Step 7: Final result = 4. This is the single number. Every paired element cancelled to zero, leaving only the unpaired element.

XOR Bit Manipulation — Pairs Cancel to Zero — XOR all elements together in a single pass. Duplicate pairs cancel out (a ⊕ a = 0), leaving only the single unpaired number (0 ⊕ a = a).

Algorithm

  1. Initialize result = 0
  2. For each element num in the array:
    • Compute result = result ⊕ num (XOR)
  3. Return result — this is the single number

Code

class Solution {
public:
    int singleNumber(vector<int>& nums) {
        int result = 0;
        for (int num : nums) {
            result ^= num;
        }
        return result;
    }
};
class Solution:
    def singleNumber(self, nums: list[int]) -> int:
        result = 0
        for num in nums:
            result ^= num
        return result
class Solution {
    public int singleNumber(int[] nums) {
        int result = 0;
        for (int num : nums) {
            result ^= num;
        }
        return result;
    }
}

Complexity Analysis

Time Complexity: O(n)

We perform exactly n XOR operations in a single pass through the array.
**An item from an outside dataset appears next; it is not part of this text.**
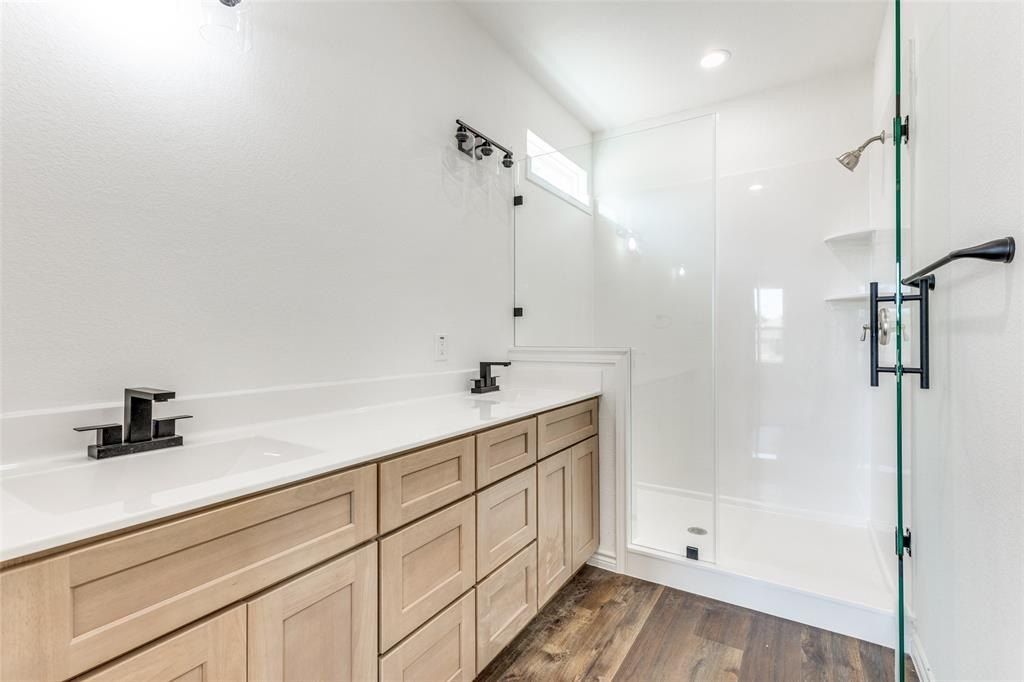 4000 Tahoe Court. Granbury, TX 76048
Each XOR operation takes O(1) time since it operates on fixed-size integers. Total time: n × O(1) = O(n).

Space Complexity: O(1)

We use only a single integer variable (result) to accumulate the XOR. No additional data structures are needed, regardless of input size. This meets the problem's explicit requirement of constant extra space.